Es
domingo noche.
Otro
domingo más, que en los cinco últimos años, sabe demasiado a despedida.
Leí
que todas las historias empiezan con alguien marchándose a otro lugar y yo,
hace tiempo que sólo quiero irme lejos, si es de tu mano. Es la noche más
oscura de la semana y viene acompañada de la nostalgia de noviembre. Aunque no
hace frio, es la voracidad del vacío la que me hace temblar ésta noche. Como si
no entendiera que caminar de espaldas supone más choques y golpes de los que
dejan cicatriz, pero no puedo avanzar sin dejar de mirarte a los ojos. Es domingo
y vuelvo a tener miedo, y esto es, lo más sincero que voy a escribirte ésta
noche. Créeme si te digo que pasamos una media de 108 horas separados a la
semana. Perdón por el dato, pero ya sabes lo que me gustan los números para
justificar todo lo que no llego a entender. Estos años he ido acumulando
fantasmas y monstruos bajo la cama, como se acumulan las palabras, hasta el
punto de ahogarte al no poder tragártelas.
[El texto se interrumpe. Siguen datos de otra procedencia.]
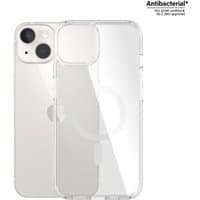Transparent PanzerGlass HardCase for iPhone 14/13 with white MagSafe ring, clear back, and antibacterial protection.
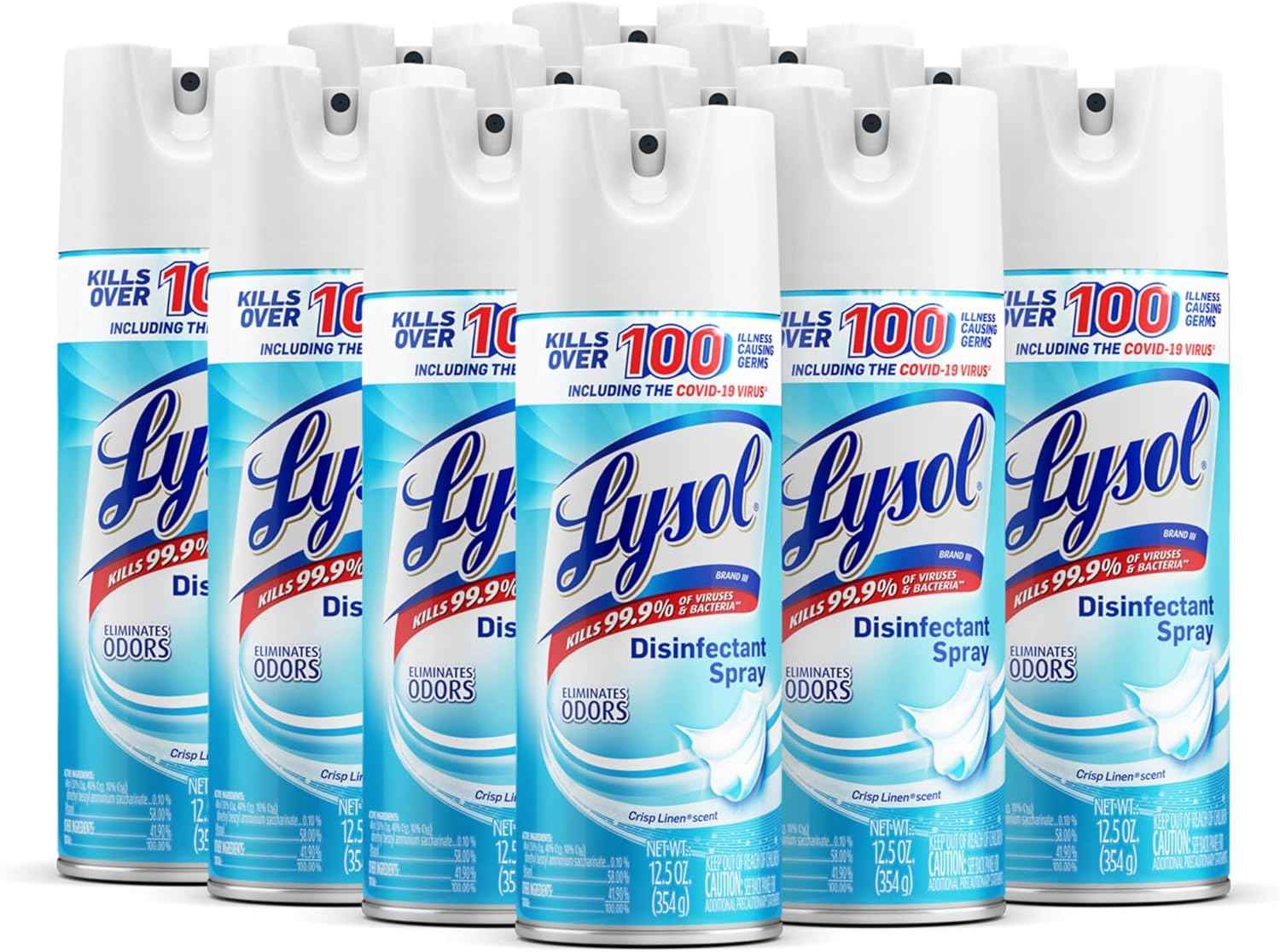 Lysol Disinfectant Spray, Sanitizing and Antibacterial Spray, For Disinfecting and Deodorizing, Crisp Linen, 12.5 Fl. Oz (Pack of 12)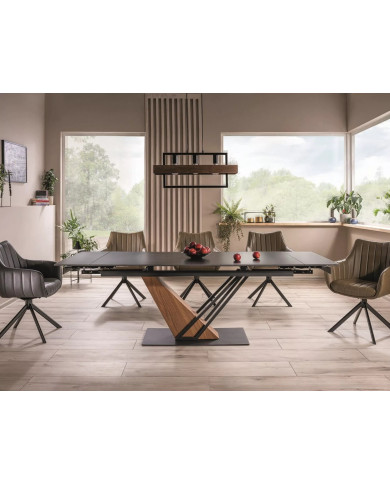Table à Manger Extensible Céramique Noire GENESIS | Mobili & Co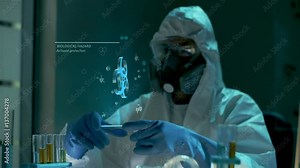 Bio engineer hold in arms and use virtual futuristic computer with transparent holographic interface. Rotating animated biohazard sign in laboratory. Experiments on modified bacteria, virus, gene and Stock Video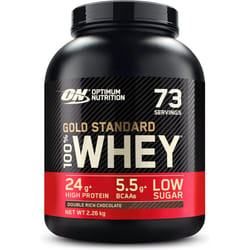 Optimum Nutrition Gold Standard Whey Muscle Building Recovery Protein Powder Glutamine BCAA Amino Acids Rich Chocolate Flavour 73 Servings 2.26 kg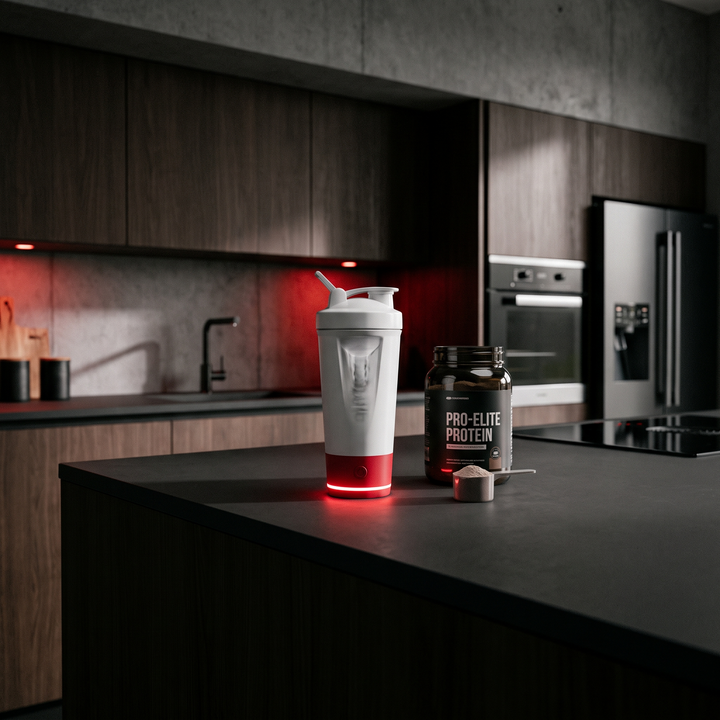 PHYSIOATHLETX Portable Electric Protein Shaker Blender - White kitchen lifestyle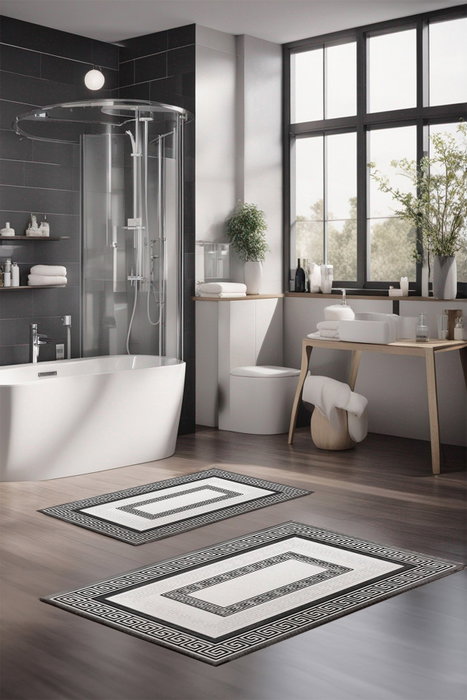 Mijölnir CT-5076 Juego de Alfombrillas de Baño de 2 Piezas, Suave Poliéster Antideslizante y Antibacteriano, Tamaños 40x60cm y 60x100cm, Ideal para Lujo y Seguridad en el Baño Mijölnir CT-5076 Juego de Alfombrillas de Baño de 2 Piezas, Suave Poliéster Antideslizante y Antibacteriano, Tamaños 40x60cm y 60x100cm, Ideal para Lujo y Seguridad en el Baño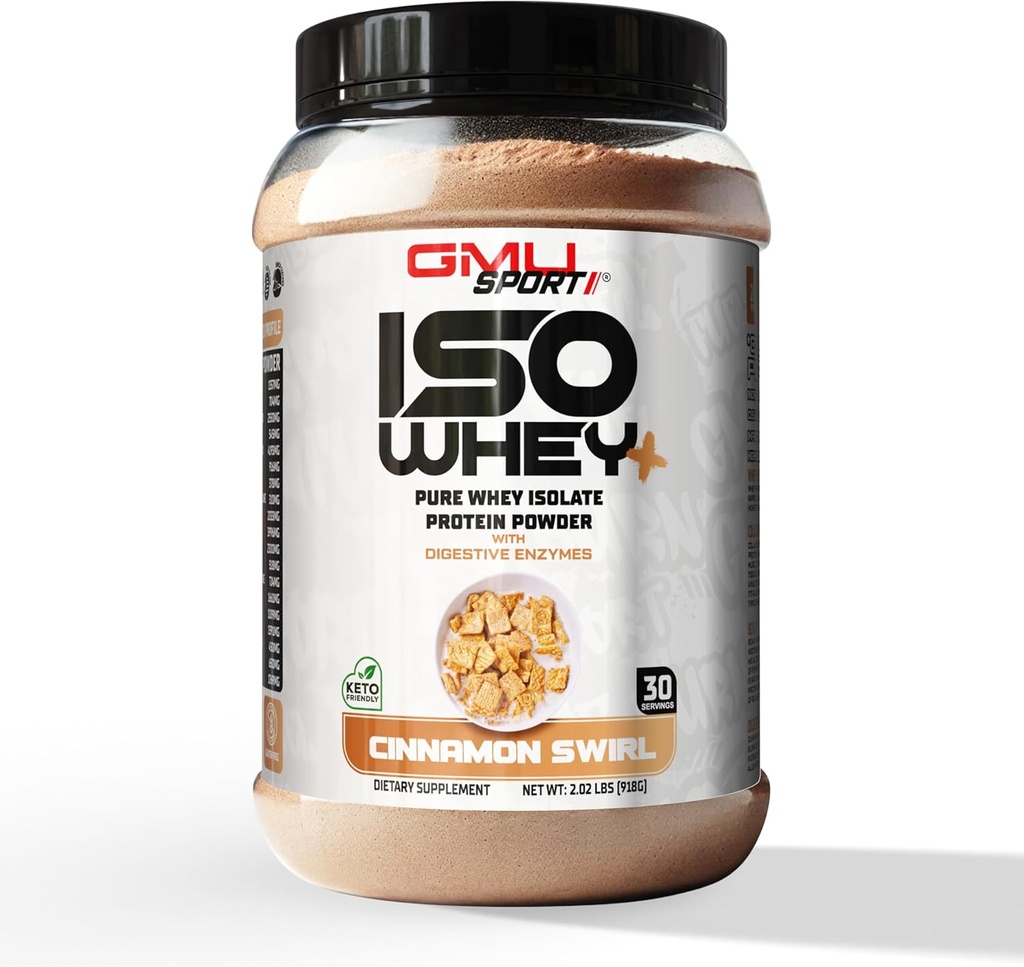 MMU SPORT - 100% Whey Protein Isolate pulver - 2 LB Whey Isolate Protein pulver med collagen Peptider, Digestive Enzymer & BCAA - Protein pulver med 30 serveringer - Cinnamon Swirl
Es la sensación de lejanía la que se
apodera de todo. Quiero decir, mi incapacidad por estar a tu lado en cinco
minutos por si todo se emborrona o tienes que quemar alguna duda. Otra vez el
miedo a que, cuando sea viernes, algo en ti haya cambiado, o peor, que sea yo
el que vuelva distinto. Ansiedad porque quiera abrazarte mañana y tenga que
esperar cinco días para volver a respirarte. O la necesidad de escucharte reír
y no poder hacerte cosquillas y tener que hacer un poco el idiota por teléfono
para conseguirlo. Ya lo sabes, es todo éste huracán de pesadillas sin ti.
Y
lo peor del lunes será el sabor que deja la resaca de domingo, otra vez más.